LIXO NA PANDEMIA

Pandemia leva o Distrito Federal a produzir mais resíduo hospitalar

Na terceira reportagem da série Lixo na pandemia, o Correio aborda a responsabilidade das unidades de saúde e dos cidadãos para o descarte de itens infectantes ou medicamentos

Se o manejo do lixo hospitalar é perigoso por si só, a pandemia tem tornado a gestão dentro e fora das unidades de saúde ainda mais complexa. Enquanto a produção de resíduos caiu nos comércios do Distrito Federal durante o período em que estavam fechados, as unidades de saúde descartaram mais materiais, em função das medidas extras de segurança para evitar a contaminação de pacientes e funcionários. No primeiro semestre de 2020, o DF produziu 1,385 mil toneladas de resíduos hospitalares só na rede pública, a maior quantidade dos últimos cinco anos. Comparado ao mesmo período de 2019, esse aumento chegou a 11%.
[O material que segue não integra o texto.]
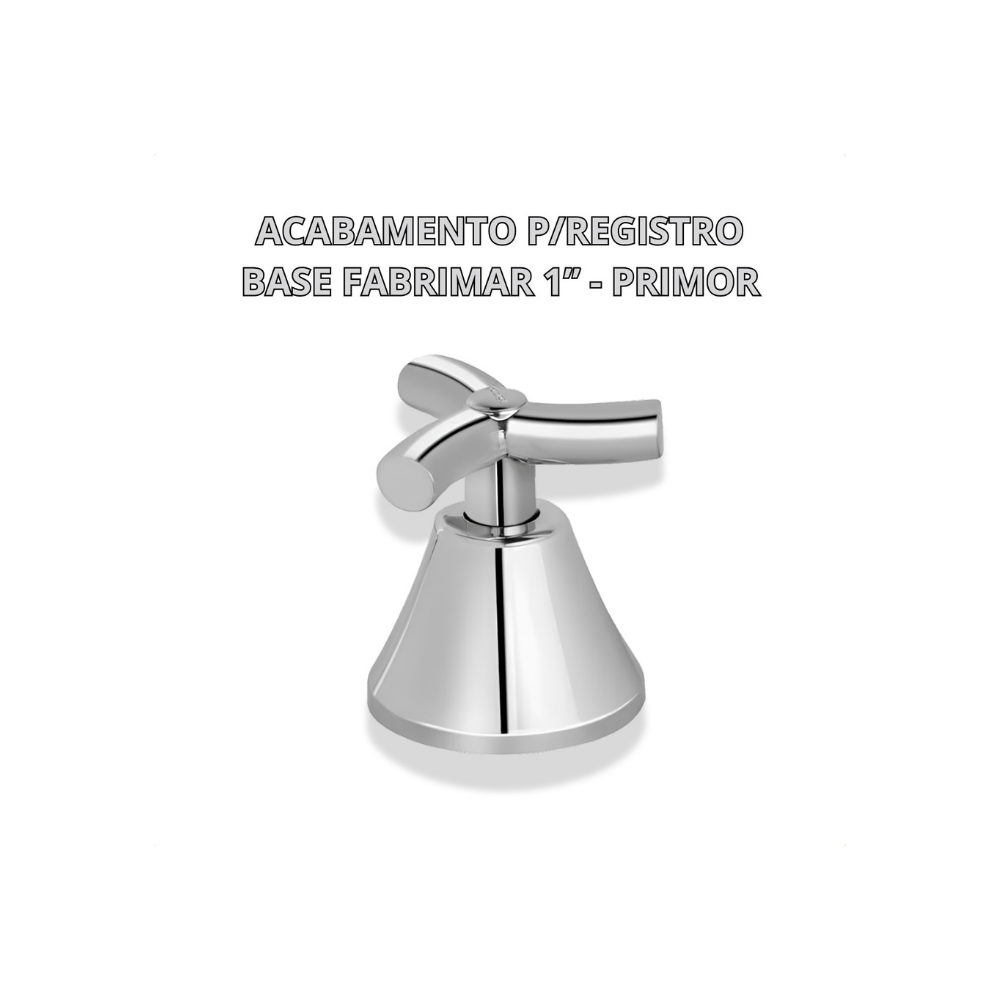 ACABAMENTO P/REG BASE FABRI 1 PRIMOR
editoria de ilustração - lixo

Na terceira reportagem da série Lixo na pandemia, o Correio aborda a responsabilidade das unidades de saúde e dos cidadãos para o descarte de itens infectantes ou medicamentos, além dos perigos da contaminação para quem faz o manejo e para o meio ambiente.

Um levantamento divulgado pela Associação Brasileira de Empresas de Limpeza Pública e Resíduos Especiais (Abrelpe) em junho revelou que uma pessoa internada para tratamento contra a covid-19 gera, em média, 7,5kg de lixo hospitalar por dia. O padrão são 2kg. Só no primeiro semestre, nas unidades de atendimento da rede pública do DF, o Serviço de Limpeza Urbana (SLU) coletou, transportou, tratou e deu destinação final para cerca de 230 toneladas desses resíduos por mês. A quantidade é equivalente ao peso de, aproximadamente, 150 carros populares. Na rede particular, o manejo deve ficar sob cuidado de empresas contratadas.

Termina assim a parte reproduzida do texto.